Certaines conditions exceptionnelles donnent parfois lieu à des moments que l’on n’est pas prêt d’oublier. Le concert du 13 février présenté à la Maison symphonique par les Productions GFN fait incontestablement partie de ces moments-là. Au programme, les requiems de Fauré et Duruflé interprétés par seulement douze choristes professionnels de l’Ensemble vocal Arts-Québec (trois par pupitre) sous la direction de Francis Choinière. Seul autre musicien sur scène, Jonathan Oldengarm contrôlait les jeux de l’orgue Pierre-Béique à distance.
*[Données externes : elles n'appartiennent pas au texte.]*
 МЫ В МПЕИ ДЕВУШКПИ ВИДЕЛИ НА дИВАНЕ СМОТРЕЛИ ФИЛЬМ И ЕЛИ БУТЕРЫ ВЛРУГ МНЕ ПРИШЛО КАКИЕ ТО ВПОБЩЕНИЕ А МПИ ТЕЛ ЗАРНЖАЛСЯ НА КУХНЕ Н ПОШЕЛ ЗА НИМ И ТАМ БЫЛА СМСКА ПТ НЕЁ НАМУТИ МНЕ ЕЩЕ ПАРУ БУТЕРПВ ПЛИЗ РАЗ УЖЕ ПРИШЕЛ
Mais, vous l’aurez compris, tout n’était pas qu’une question de chiffres.
Compte tenu de la taille minimale de l’effectif, chaque choriste occupait un rôle de quasi-soliste. Dans le Requiem de Fauré, les voix des trois ténors se sont particulièrement bien mariées ensemble pour offrir une belle cohésion de groupe et faire ressortir les magnifiques lignes mélodiques de ce chef-d’œuvre. Les véritables parties de solistes ont été remarquablement exécutées par le baryton Dominique Côté et la mezzo-soprano Marie-Andrée Mathieu ainsi que la soprano Dorothéa Ventura dans les premiers instants de l’In paradisum. Au-delà de la maîtrise vocale de chacune et chacun, ce qui a frappé avant tout, c’est l’humilité des interprètes face à l’œuvre des compositeurs, leur recueillement au service de la musique. Ainsi, la valeur du sacré a été préservée et profondément respectée.
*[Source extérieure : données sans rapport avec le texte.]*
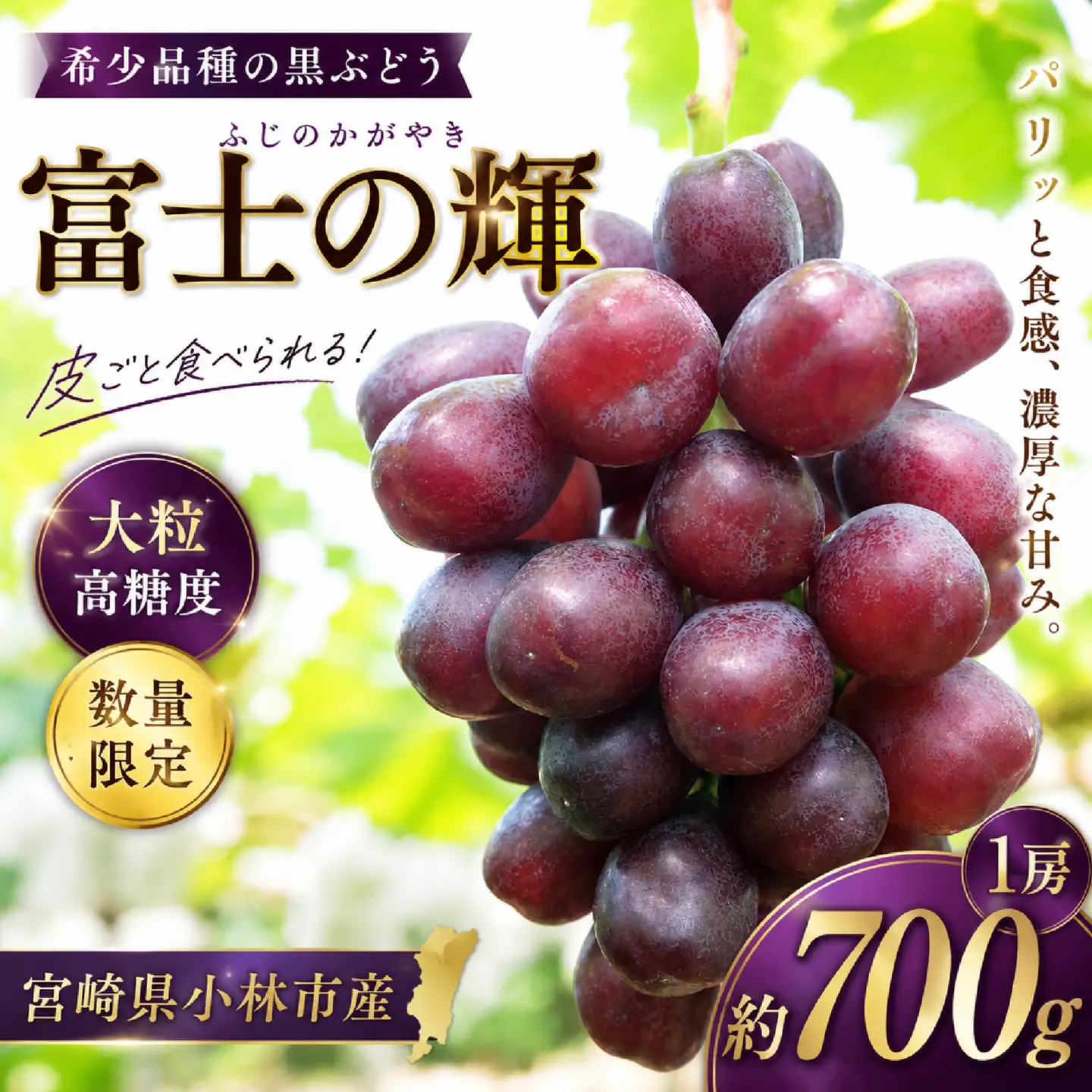 【希少品種】	富士の輝 1房（約700g）（ブラックシャインマスカット シャインマスカット ぶどう 旬 人気 期間限定 限定 果物 くだもの フルーツ プレゼント）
L’ensemble vocal s’est montré tout aussi irréprochable dans l’interprétation du Requiem de Duruflé, beaucoup plus exigeant techniquement et rythmiquement. Les solos étaient également plus difficiles à négocier: tantôt plus aigus pour le baryton, tantôt plus graves pour la mezzo-soprano. De son côté, l’organiste a réussi à traverser sans encombre les nombreux passages de virtuosité.
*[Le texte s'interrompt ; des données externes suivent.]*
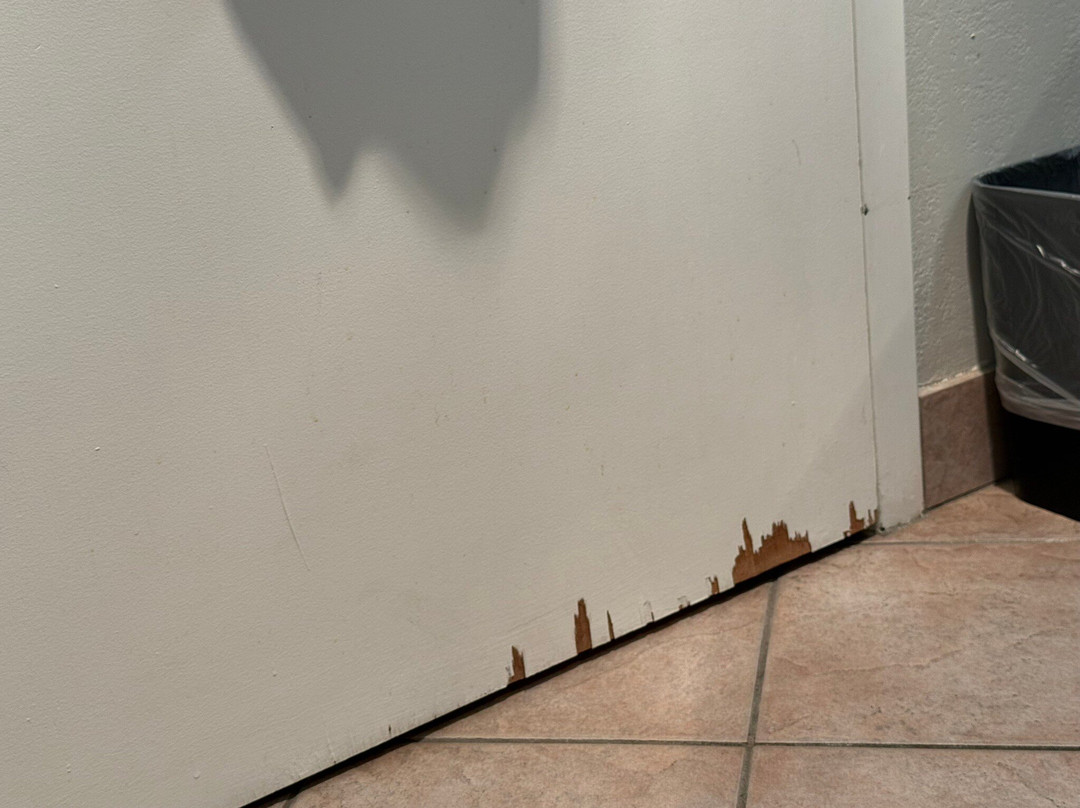 Days Inn & Suites by Wyndham Moncton主图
On peut aimer ou ne pas aimer la musique de ce compositeur, mais celle-ci mérite d’être écoutée au moins une fois dans sa vie tant elle offre un mélange original de chants grégoriens et contemporains, ces derniers venant à s’imposer sur le reste. Et comme certains films d’auteurs de la même époque, soit au milieu du XXe siècle, l’œuvre finit de manière inattendue. De ce point de vue, on peut se demander s’il n’aurait pas été préférable d’inverser l’ordre des requiems et finir en beauté par le Fauré.